Oregon’s fastest-growing public company has grown even more formidable — and complicated — with its recent acquisition of a 49% share in Yangzhou Chengde Steel Tube Co. of Jiangsu Province, China.

The deal represents the 15th acquisition Portland-based Precision Castparts (PCP) has made since Mark Donegan took over as CEO in 2002. Donegan has earned a strong reputation among investors and analysts as a hard-charging leader who has grown the company’s market value by a factor of 10 in less than eight years. The company ranked 362nd on the most recent Fortune 500 list.

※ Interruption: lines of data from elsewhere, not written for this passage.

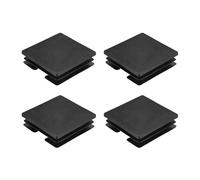 QUARKZMAN 4Pcs Tapones de Plástico Cuadrados, 75 x 75mm Tapas Laminares de Extremo de Tubo de PE para Patas de Silla de Muebles, Tuberías, se Aplica a Tubo de Forma Cuadro de 60-72mm, Negro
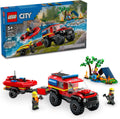 LEGO City Fire 4x4 Fire Truck with Rescue Boat - Playset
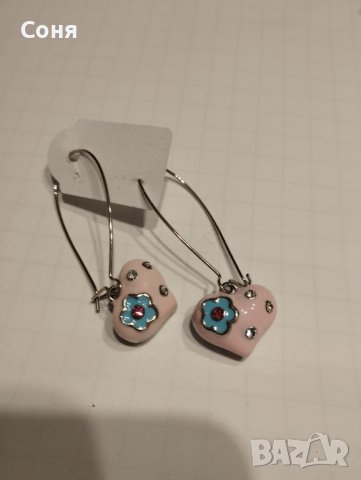 Обици, обеци розови сърца  с камъни, снимка 4 - Обеци - 40315259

Donegan has been relentless in his pursuit of metal casting companies specializing in aeronautics. Here’s a list of businesses PCP has purchased since Donegan took over, investing a total of $3.9 billion:

December 2003: SPS Technologies of Jenkintown, Pa., for $729 million
March 2005: Air Industries Corp. of Garden Grove, Calif., for $198 million
January 2006: Shur-Lok and Shur-Lok Intl. of Irvine, Calif., for $113 million
May 2006: Special Metals of Huntington, W.Va., for $528 million
February 2007: GSC Foundries of Ogden, Utah, $77 million
February 2007: Cherry Aerospace of Santa Ana, Calif., for $298 million
April 2007: McWilliams Forge of Rockaway, N.J., $91 million
July 2007: Caledonian Alloys, Livingston, Scotland, $208 million
September 2008: Airdrome Precision Components, Long Beach, Calif., price undisclosed
September 2008: AF Aerospace, Rugby, England, price undisclosed
November 2008: Fatigue Technology, Seattle, Wash., price undisclosed
December 2008: Hackney Ladish Holding Corp, Dallas, Texas, price undisclosed
September 2009: Carlton Forge Works, Paramount, Calif., for $850 million
January 2010: Yangzhou Chengde Steel Tube, China, $350 million

In a recent earnings call, Donegan said PCP had been pursuing the Chengde deal for more than a year and told analysts, “We are not going to retreat from taking advantage of every single opportunity to derive value from our businesses.”